Jack, a retired musician who claims to have worked with the likes of Hank Williams and Elvis, enjoys a rapprochement with his long-estranged son Clarke (John Ritter), a successful lawyer, following a death in the family. Eager to win Matthew’s affections, he plies the boy with ice cream and candy bars, tosses him a football and teaches him how to climb a tree. He kindly refrains from instructing him in arson, a skill we already know he’s mastered from Gramps’s opening scene.

Patrick Duffy is Our Preacher-Teacher in Danielle Steel’s Daddy

Patrick Duffy and Lynda Carter in Daddy.

In Daddy, Danielle Steel’s treacly ode to the humble American paterfamilias, generations of Watson men suffer as nobly as Juanita Moore in Imitation of Life or Barbara Stanwyck in Stella Dallas. At least that’s what Steel wants us to believe. But the socioeconomic differences are hard not to notice—the only Watson man who struggles to provide for a child on his own is 18-year-old Ben (Ben Affleck), stubbornly proving his honor in a short-term experiment before allowing his wealthy father to bankroll a custody battle.

Oliver (Patrick Duffy), Ben’s dad, is a Chicago advertising executive so happily married to Sarah (Kate Mulgrew, angry as usual) that glamorous TV star Charlotte Sampson’s plunging décolletage barely registers when they meet at work. Charlotte (Lynda Carter of Hotline) will feature in his latest perfume campaign, and she’s somehow drawn to Oliver, whose poofy salt-and-pepper hair helps him resemble a human Q-Tip from afar. “I have the life I’ve always wanted and I’m smart enough to know it,” he contentedly tells a colleague, but life has other plans.

Rob Lowe Makes Room for Daddy in Schoolboy Father

Rob Lowe in Schoolboy Father.

Our first indication that 16-year-old Charles Elderberry (Rob Lowe) isn’t ready for parenthood comes early in Schoolboy Father (1980), an Afterschool Special about the dangers of reproductive illiteracy. As his judgmental mother (a solid Sharon Spelman) reads a birth announcement involving Daisy Dallenger (Dana Plato), a girl he met at summer camp, Charles begins counting on his fingers. Later, he asks a friend if pregnancy always takes nine months. It’s information he could’ve used before roasting more than marshmallows with Daisy, if you catch my nonsensical drift.

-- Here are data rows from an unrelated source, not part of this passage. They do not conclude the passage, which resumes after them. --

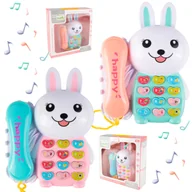 Zabawki interaktywne dla dzieci - Telefon Muzyczny Komórka Króliczek Edukacyjny Interaktywny - miniaturka - grafika 1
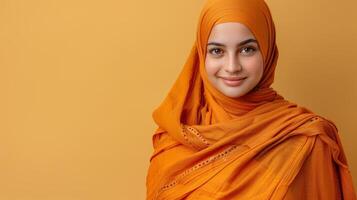 radiante asiático musulmán mujer sonriente, deseando eid Mubarak en pastel antecedentes con Copiar espacio foto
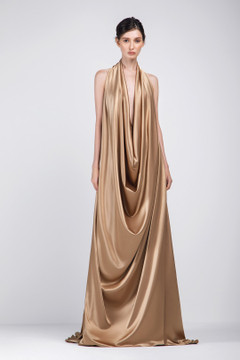 Crepe Satin Draped Gown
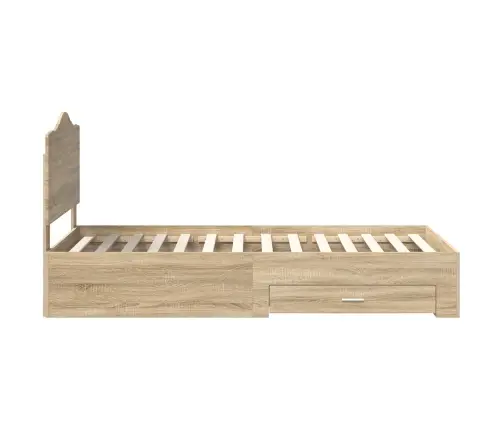 Gultas Rāmis Sonoma Ozols 90 X 200 Cm Inženierijas Koks Vidaxl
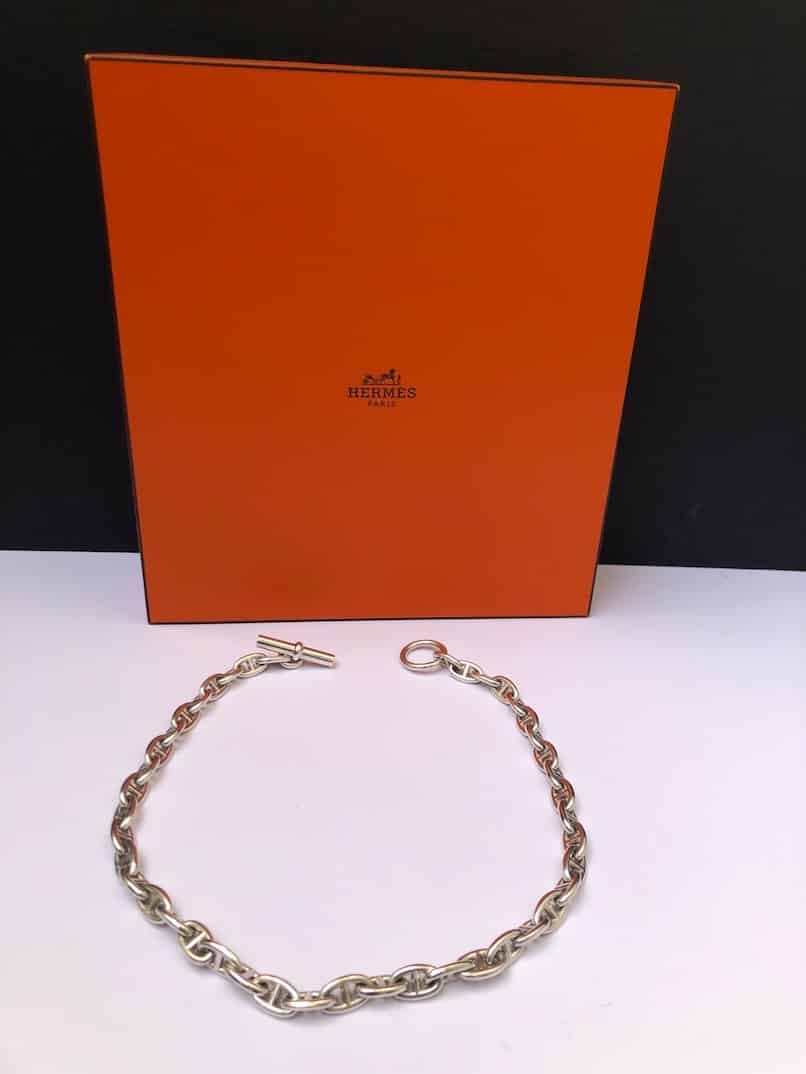 HERMÈS Chaîne D'Ancre Necklace 2007 Sterling Silver W/Box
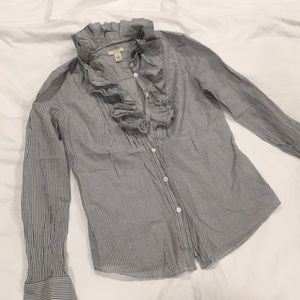 Sz 2 J.Crew ruffle blouse in grey pinstripe
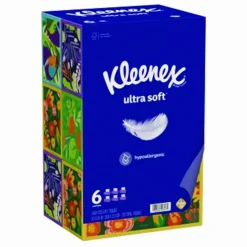 Kleenex Ultra Soft Facial Tissue, 3-Ply, White, 120/Box, 6 Boxes/Pack, 4 Packs/Carton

Because mothers and newborns weren’t booted from American hospitals within 24 hours in the early 1980s, Charles has time to consider his options. Inconvenienced by the $2 parking fee, he nevertheless visits daily, staring at his son through the nursery glass. Daisy, who harshly dumped him on the last day of camp, never said a word about her pregnancy, not even after being temporarily kicked out of her parents’ house. When Charles asks whether she used protection with him, she retorts “You were there, did you?” before ruefully observing “Not that it matters much now.”

Lace: Motherhood’s a B*tch

“Is that any way to talk to your mothers?”

Let’s say it now, in unison, to get it out of the way: “Incidentally, which one of you b*tches is my mother?” That notorious question, from 1984’s Lace, is Phoebe Cates’s most enduring contribution to cinema that doesn’t involve a red bikini. And it cuts jaggedly to the neon-pink heart of this ABC miniseries, a soapy, sprawling maternity mystery that plays like the most scandalous Facts of Life episode never made.

Adapted by Elliott Baker from Shirley Conran’s saucy novel, Lace is first set in 1960 and tells the story of three friends and roommates at a Swiss boarding school: the pouty French Maxine Pascal (Arielle Dombasle); sardonic Brit Jennifer ‘Pagan’ Trelawney (Brooke Adams); and adventurous American Judy Hale (Bess Armstrong), who entertains her friends with passages from a bodice ripper she scribbles between classes that features a heroine called Lucinda Lace. It’s a name the pals use interchangeably when one of them finds herself pregnant on the eve of graduation, and the trio form an unusual pact of secrecy to protect her at any cost.